Никто от избушки не спускался. Розка лаяла все растревоженней и
звончей. Аким поспешил к зимовью, на ходу отмечая взглядом приметы
нашествия: ведро, полное дождевой воды; пенек ольхи и щепа закраснели; муть
отстоялась в человеческом следу -- судя по вдавышу, сапог сорок второго
размера, неделю, если не больше, не выходили. Ага, окурок! Окурок давний и
совсем раскисший, и сигарета докурена до фильтра -- бережливый, опытный
турист был или весь издержался? На подпаренном мохом крылечке, вросшем в
землю, двумя пестрыми куропатками сидели драные, в пятках смятые кеды
подросткового размера. "Тихий узас! -- волосы на голове Акима зашевелились.
-- Мужик с парнишкой! Умерли!.."
Аким толкнул дверь -- она не подалась.
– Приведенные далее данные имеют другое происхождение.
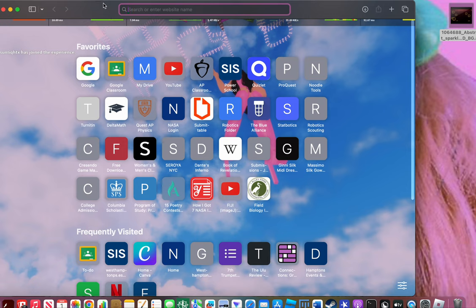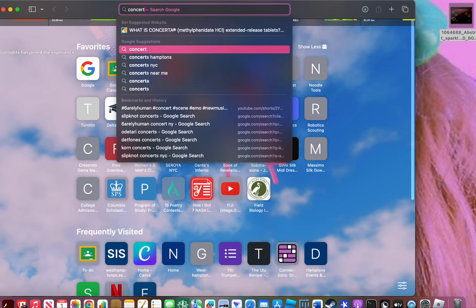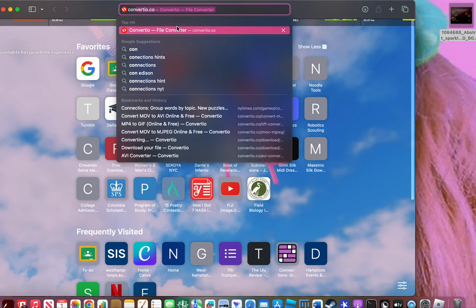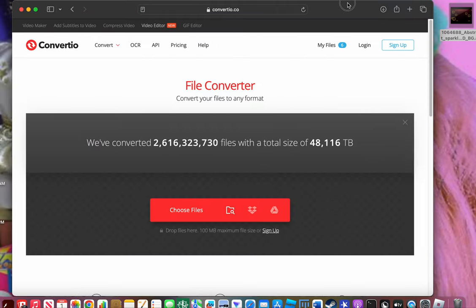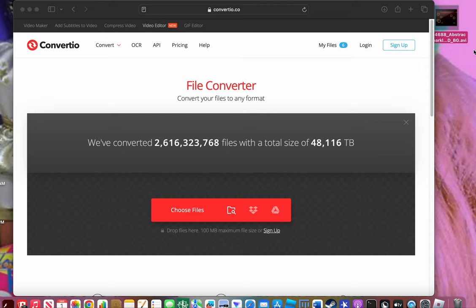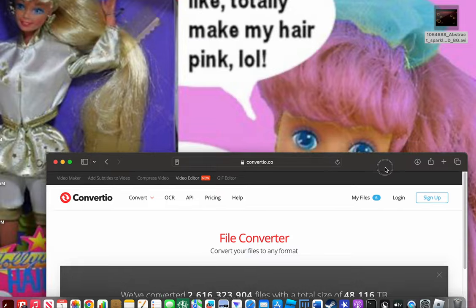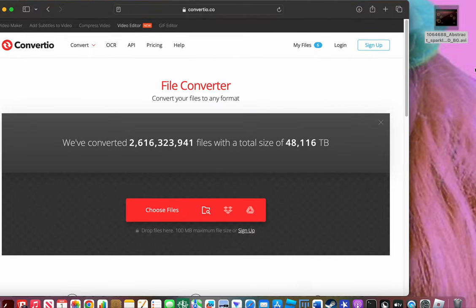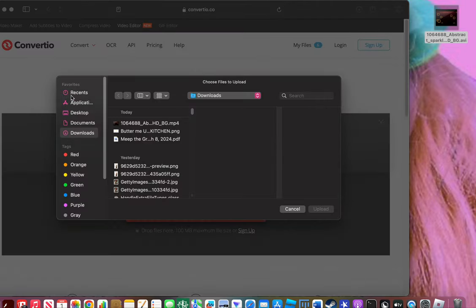This is for any kind of small movements that you want to be tracking. So first, if your file is in an MOV file, the first thing you have to do is convert your file. We're going to be using Convertio. The extension you have to have for Fiji or ImageJ has to be .avi.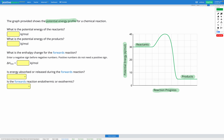Our first step is figuring out the potential energy of our reactants and the potential energy of our products. To do that, we look on our graph and read off the y-axis at our reactants and products. For the reactants, that's going to be 30 kilojoules per mole. For the products, if we draw a horizontal line across to our y-axis, that's in between 0 and 10, so that's going to be 5 kilojoules per mole.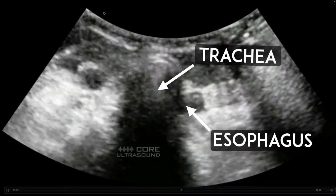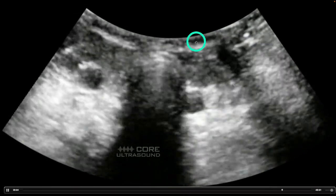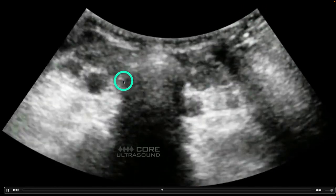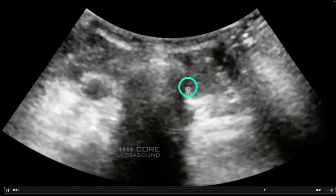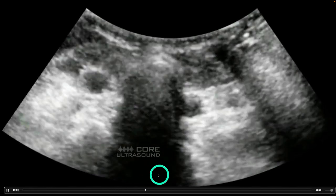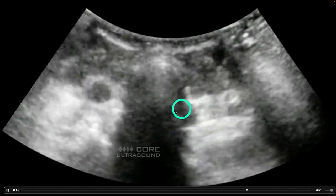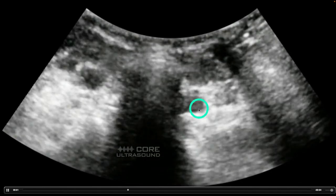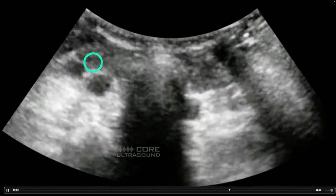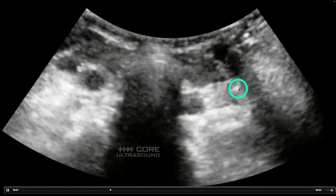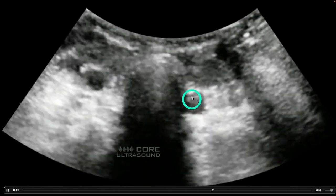Right here we have the trachea and right there we have the esophagus. Looking at this with the curvilinear transducer, we're seeing a hyperechoic arch which represents the anterior part of the trachea. Then we're seeing dropout of shadow - this acoustic shadowing - which happens deep to the trachea due to the air in the trachea. And right here we're seeing a circular structure with relatively well-defined walls, which represents the esophagus. We have some vasculature here and thyroid tissue, but the things we're looking at are trachea and esophagus.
Он опустил с плеча ружье,
прислонил его к стене, схватил деревянную ручку обеими руками, пнул дверь
ногой, навалился плечом. Сыро хлюпнув, она нехотя отворилась. Акима втащило
на двери в жилье и там чуть не сшибло едучим, застоявшимся запахом гнили и
мочи. ...
Промаргиваясь на мутное, в серых разводах окошко с пятнышками прилипших
к стеклу комаров и лесной тли -- окно не протирали, некогда было или не
догадались, Аким обхватывал глазами избушку: с подоконника, тесанного
нехитрым топором безвестного охотника, свисала грязная цветастая кепочка,
вытянув целлофановый козырек утиным клювом, -- при бедном таежном убранстве
избушки совсем неуместная и жалкая вещь; на столе тюбик противокомариной
мази, грязный, почти выдавленный; здесь же темные очки в перламутровой
оправе; золотые часики, светящиеся цветком- стародубкой; россыпью
неошелушенные кедровые шишки; котелок почему-то на полу, в нем деревянная
ложка с рыжим черенком; топорщилась рваной жестью неумело открытая,
уроненная набок банка, из нее вытекла, плотным слоем пыли облипла лужица;
голубая сумка с голубем на боку; изодранный городской плащик-болонья;
громадный рюкзак с раздернутой пастью; топор -- чем-то очень знакомый топор,
рядом чехол от топора валяется; возле печи щепа, ореховый мусор, печь давно
холодная, в избушке настоялся мозглый смрад.
Кучей лежащее на нарах тряпье, сверху придавленное изъеденной мышами
оленьей шкурой, зашевелилось, и из-под него заглушенно донеслось:
-- Го... Го... Го-го...
Аким бросился к топчану, поднял шкуру, разрыл тряпье, откинул
скомканную палатку и в грязнющем спальном мешке обнаружил беспамятного,
горячего подростка. Вместо лица у него был костяк, туго обтянутый как бы
приклеенной к нему восковой кожей, оскалились зубы, заострился нос,
выпятилась кость лба -- печать тления тронула человека. Преодолевая
отвращение, Аким сдернул с него изопрелые джинсы, вместе с ними паутиной
стянулось что-то похожее на женские колготки, и скоро обнаружился фасонно
шитый, вяло болтающийся на опавшей груди атласный бюстгальтер.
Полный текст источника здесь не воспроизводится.